» Your goal: Output all of the records word for word and drop the images.

BEGIN Data for this exercise

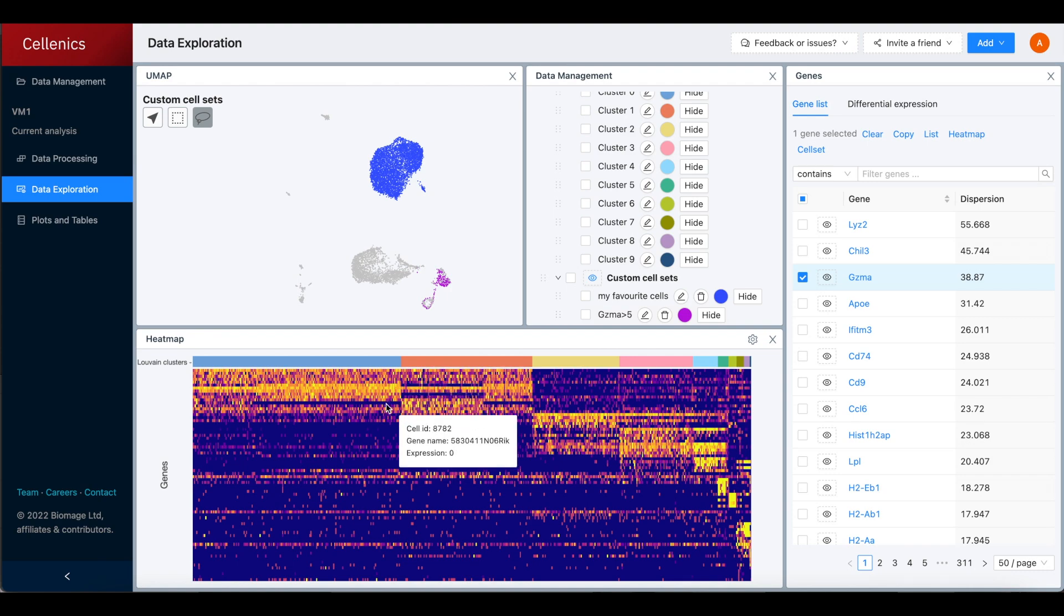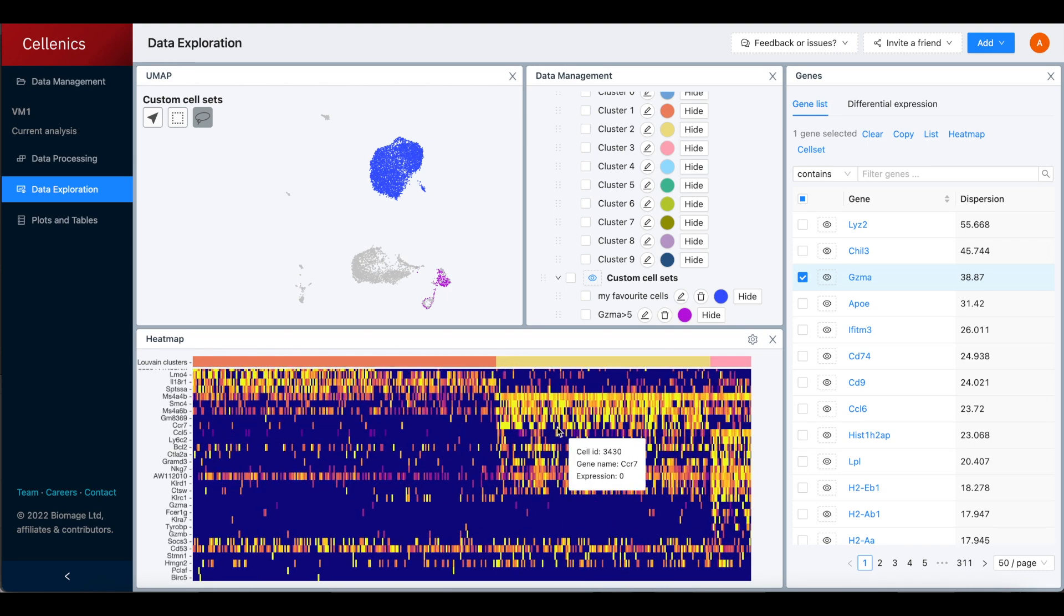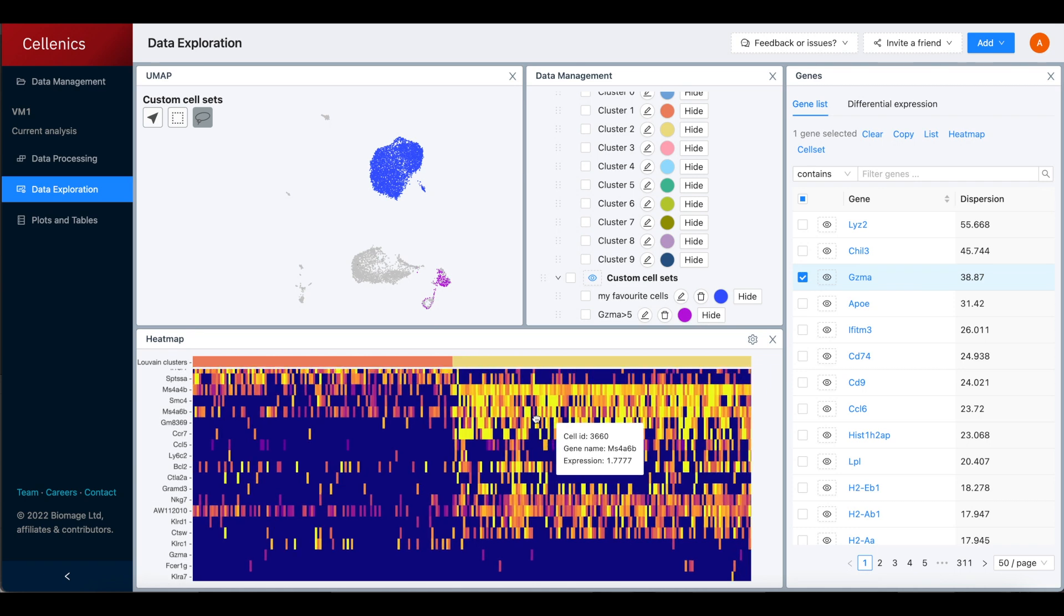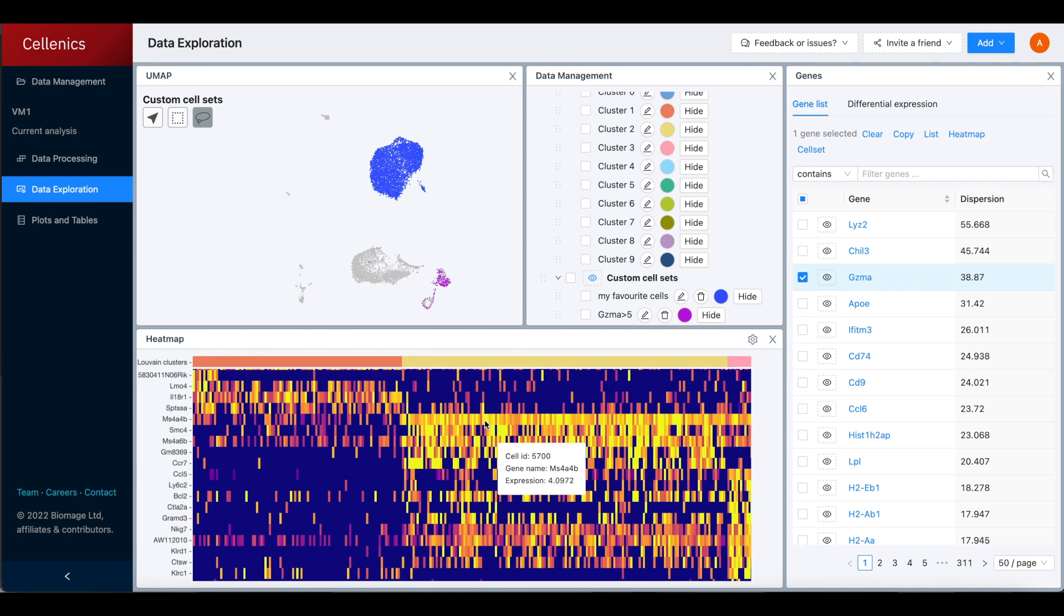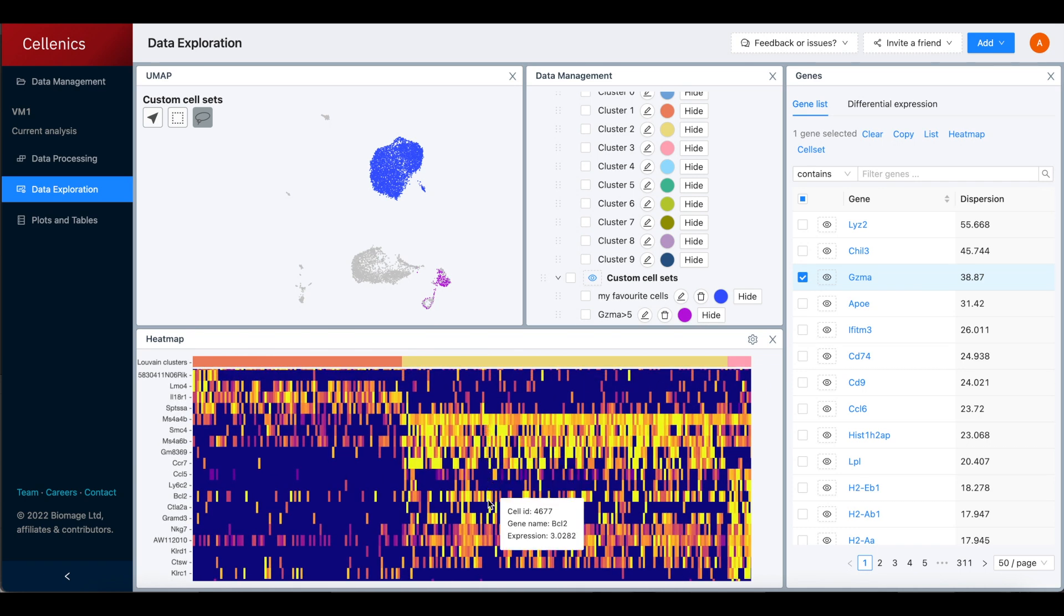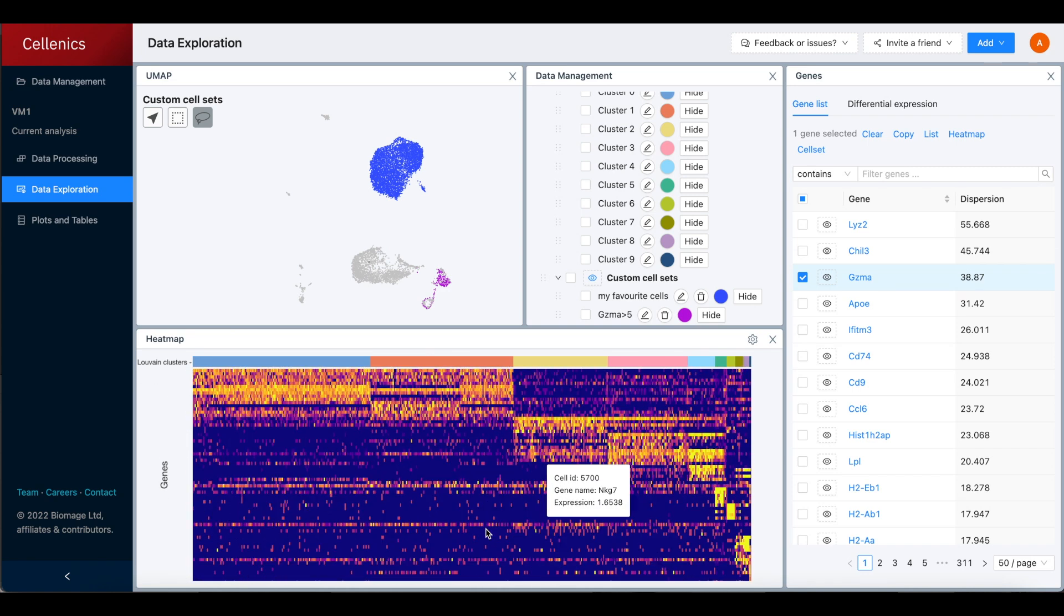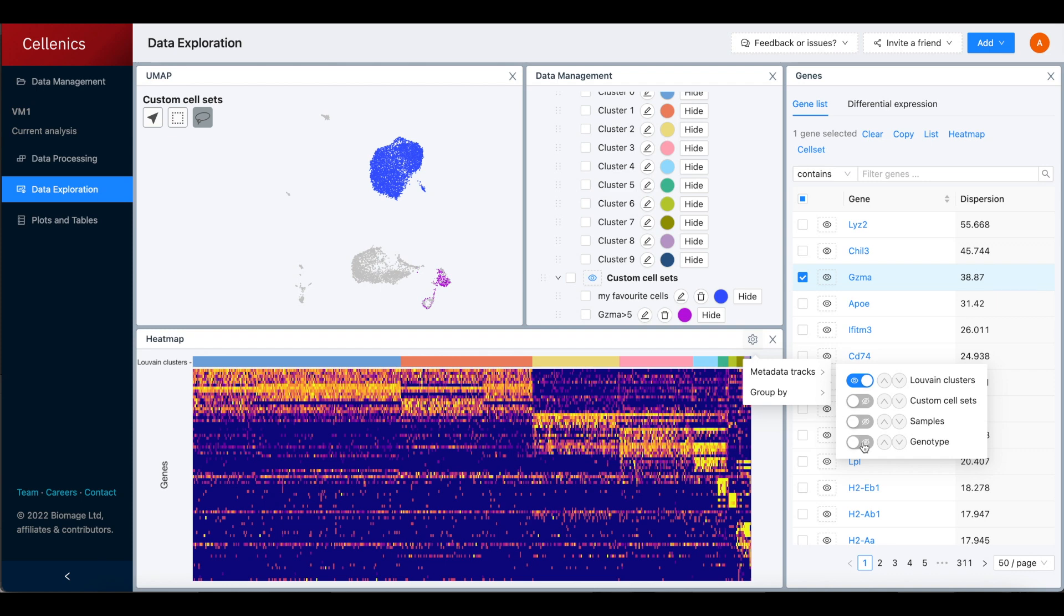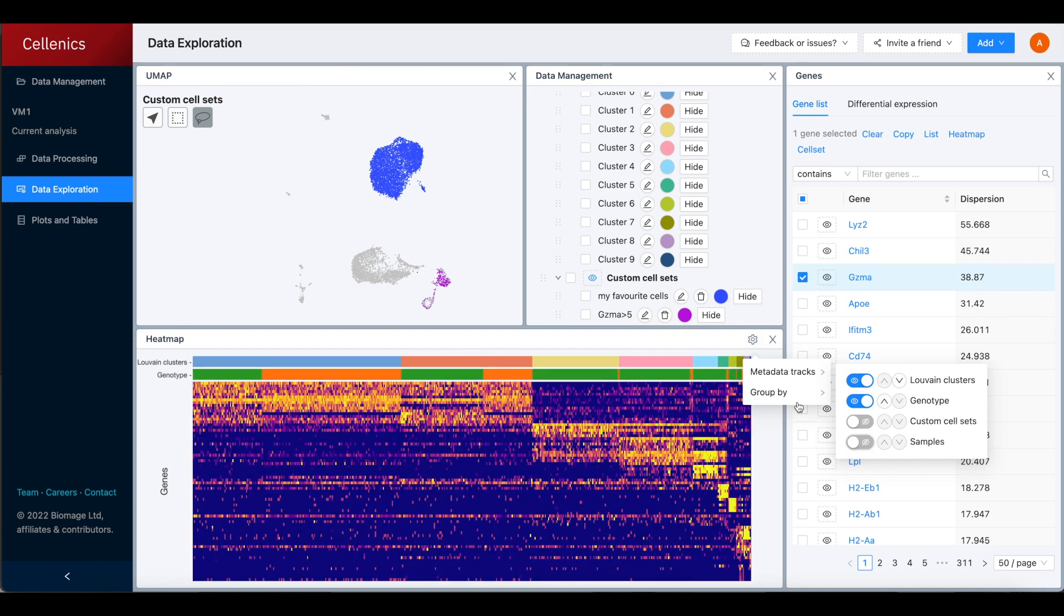The heat map shows marker genes for the Luvin clusters by default. You can zoom in on a specific cell set of interest and hover over the marker genes to identify the represented cell type. Using the settings menu on the heat map, metadata tracks can be added and the heat map can be reordered.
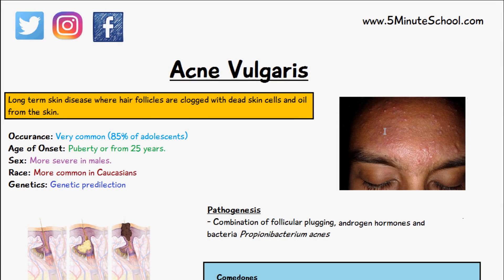Acne vulgaris is a long-term skin disease where hair follicles are clogged with dead skin cells and oil from the skin. It's very common in adolescents. The age of onset is usually around puberty or from 25 years and older, and it's more severe in males and more common in Caucasians. There is generally a genetic predilection to acne vulgaris, so if your mother or father had it when they were younger, it's more likely that you will get it as well.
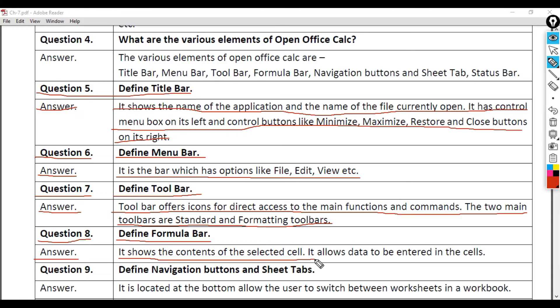Question 8: Define Formula Bar. Answer: It shows the contents of the selected cell. It allows data to be entered in the cells.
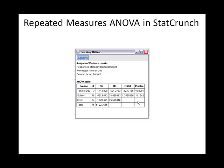The results look very similar to the one-way ANOVA output. StatCrunch tells you the response was bacterial count and lists two factors: time of day and subject. Below that is an ANOVA table, which is similar to what you saw before, except now it has three rows instead of two. One row deals with time of day, the second with subject, and the third with error. Previously we only had one factor row and the error row.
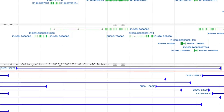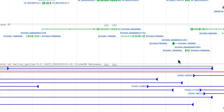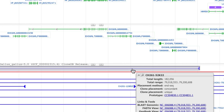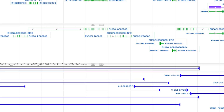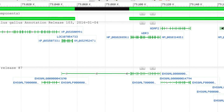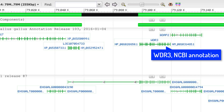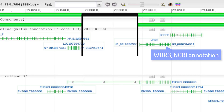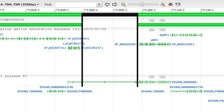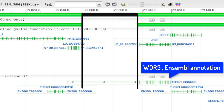Blue clones are concordant, red clones are discordant. Hovering the mouse over any individual clone placement opens a tooltip that provides additional detail. We see that the WDR3 gene is just at the edge of a gap according to NCBI annotation, and is interrupted by this gap according to the Ensembl annotation.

END Data for this exercise

» Answer section:
The heat map shows marker genes for the Luvin clusters by default. You can zoom in on a specific cell set of interest and hover over the marker genes to identify the represented cell type. Using the settings menu on the heat map, metadata tracks can be added and the heat map can be reordered.
Acne vulgaris is a long-term skin disease where hair follicles are clogged with dead skin cells and oil from the skin. It's very common in adolescents. The age of onset is usually around puberty or from 25 years and older, and it's more severe in males and more common in Caucasians. There is generally a genetic predilection to acne vulgaris, so if your mother or father had it when they were younger, it's more likely that you will get it as well.
Question 8: Define Formula Bar. Answer: It shows the contents of the selected cell. It allows data to be entered in the cells.
The results look very similar to the one-way ANOVA output. StatCrunch tells you the response was bacterial count and lists two factors: time of day and subject. Below that is an ANOVA table, which is similar to what you saw before, except now it has three rows instead of two. One row deals with time of day, the second with subject, and the third with error. Previously we only had one factor row and the error row.
Blue clones are concordant, red clones are discordant. Hovering the mouse over any individual clone placement opens a tooltip that provides additional detail. We see that the WDR3 gene is just at the edge of a gap according to NCBI annotation, and is interrupted by this gap according to the Ensembl annotation.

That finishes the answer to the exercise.